EXERCISE DESCRIPTION:
Your copy should hold exactly the lines from the beginning of the listing below through the line with "Dior Men's Shoes 25 White", without any pictures.
----
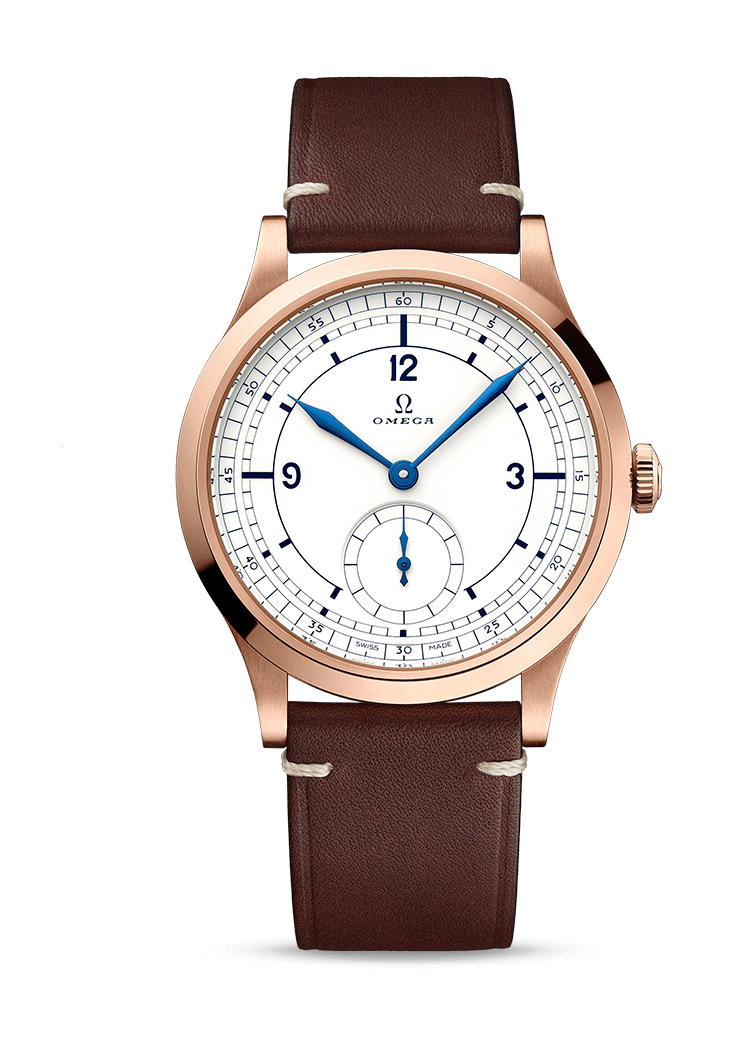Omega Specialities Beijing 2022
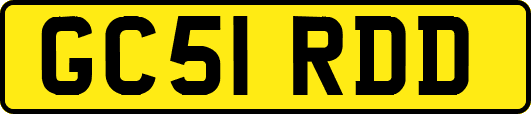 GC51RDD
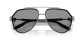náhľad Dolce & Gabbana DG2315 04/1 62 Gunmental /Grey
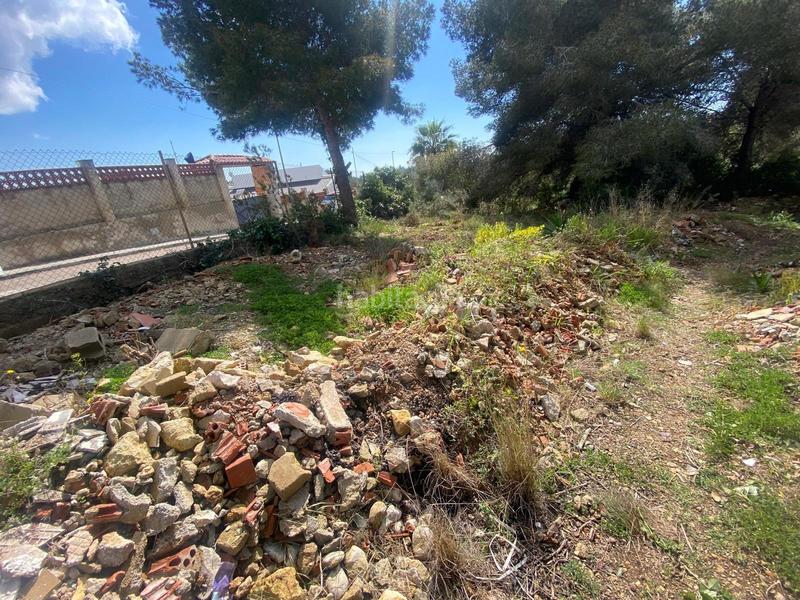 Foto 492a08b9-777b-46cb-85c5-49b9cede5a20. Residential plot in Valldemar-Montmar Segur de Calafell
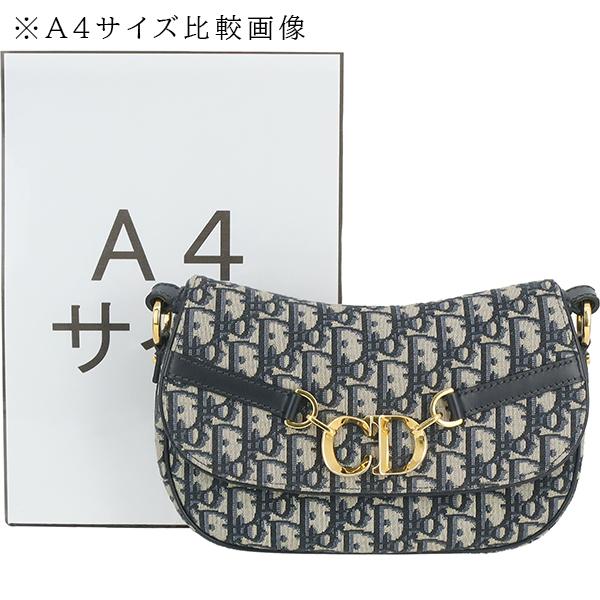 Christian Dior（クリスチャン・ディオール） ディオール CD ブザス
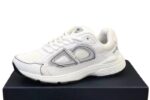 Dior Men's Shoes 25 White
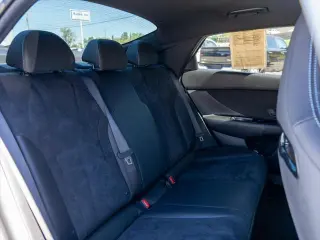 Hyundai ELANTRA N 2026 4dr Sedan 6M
----
ANSWER TO THIS PROBLEM:
Omega Specialities Beijing 2022
 GC51RDD
náhľad Dolce & Gabbana DG2315 04/1 62 Gunmental /Grey
 Foto 492a08b9-777b-46cb-85c5-49b9cede5a20. Residential plot in Valldemar-Montmar Segur de Calafell
 Christian Dior（クリスチャン・ディオール） ディオール CD ブザス
 Dior Men's Shoes 25 White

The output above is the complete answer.